Anyway, the program ran for a few seconds and then claimed it had succeeded.  I looked.  TestOut.pdf definitely did exist, and it looked good.  No apparent need for any additional options.  I wondered if it would default to the same filename with a PDF extension if I just typed "htmltools Test.mht," without specifying TestOut.pdf, so I ran the command again with that alteration.  That worked.  I tried it once more, this time specifying a source folder and an output folder without a filename ("htmltools D:\Workspace\Source\Test.mht D:\Workspace\Output").  This time, it said, "Save to file failed!"  Its messages seemed to say that it found Test.mht without a problem.  Why wouldn't it write to Output?  Maybe it was trying to write a file called Output, when I already had a folder by that name.  I repeated the command, this time with a trailing backslash (i.e., "htmltools D:\Workspace\Source\Test.mht D:\Workspace\Output\").  Still failed.  And the bastards docked me anyway.  I was down to 296 free tries.  So what were we saying:  it could output a file without a need to specify a filename, but it couldn't output to another folder?  If all else fails, RTFM.  But the Readme.txt didn't contain any references to folders or directories.  Well, would it at least work if I specified everything (i.e., "htmltools D:\Workspace\Source\Test.mht D:\Workspace\Output\Test.pdf")?  Yes, it would.  So that was the answer:  I would have to work up my command lines in Excel (above) to include the full file and path names for both the source and the target.  With those commands in a batch file, I decided to give it a run with a couple dozen files, just to make sure, before blowing my remaining 295 budgeted conversions on a futile gesture.  It ran well.  I was set.  My fear that some commands might be too long was unfounded: the htmltools commands ran successfully with a command as long as 451 characters.  I converted the rest of these MHTs and then deleted them, and hoped never to see them again.
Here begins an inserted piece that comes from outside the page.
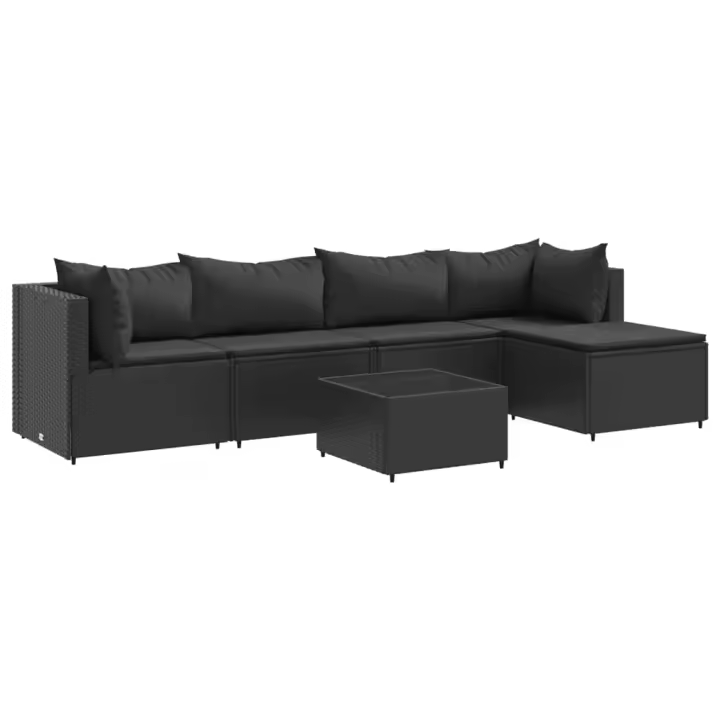 vidaXL Set muebles de jardín 6 piezas y cojines ratán sintético negro - 1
Technically speaking, the project was done.  If I needed more MHT conversions than I could accommodate within the limited private usage of VeryPDF's htmltools.exe, I would go back to the five options enumerated at the start of this last section of this post.  Since I already had all this stuff in mind, and my Excel spreadsheet was set to go, I ran a couple more lines:
DIR D:\*.mht /s /a-d /b > D:\MHTlist.txt
DIR E:\*.mht /s /a-d /b >> D:\MHTlist.txt
to see if I had any other MHTs on D or E.  (Note the double >> marks in the second line -- that says add to MHTlist.txt instead of overwriting it, if it already exists.  Of course, once I had the command set, I could just hit the Up arrow in the command window to bring the previous command back, after running it, and then use Home and left & right arrow keys to revise it.)  This gave me a file called MHTlist.txt, containing a list of additional MHTs that I thought I might as well convert to PDFs while I was at it.  For these, the command lines would produce a PDF back in the source folder.  Once those PDFs were created in the source folders, I used Excel (and could probably also have used Ctrl-H in Notepad), to do a DIR [filename].* >> listing (which would show both \Source Folder\File.mht and \Source Folder\File.pdf in the resulting dirlist.txt file) for each specific file that I had converted.  This produced a nice pairs for each filename (i.e., x.mht and x.pdf).  The process seemed to work.  Now I just needed one more go with Excel, to produce DEL lines that would get rid of the MHTs in the source files.  One more check:  no MHTs left.  Project completed.

Saturday, April 23, 2011

Windows 7: Archiving Thunderbird Emails to Individual PDFs - Retry

I had a large number of emails in Thunderbird (an email program like Outlook, but open source freeware).  I wanted to export each of those emails to its own distinct PDF file with a filename containing Date, Time, Sender, Recipient, and Subject information in this format:

2011-03-20 14.23 Email from Me to John Doe re Tomorrow.pdf
In that example, I might ultimately eliminated the "from Me" part as understood, but of course other emails would be from John back to me, so for starting purposes I wanted all five of the fields just listed.  The steps I went through are described below.  There is a summary at the end of this post.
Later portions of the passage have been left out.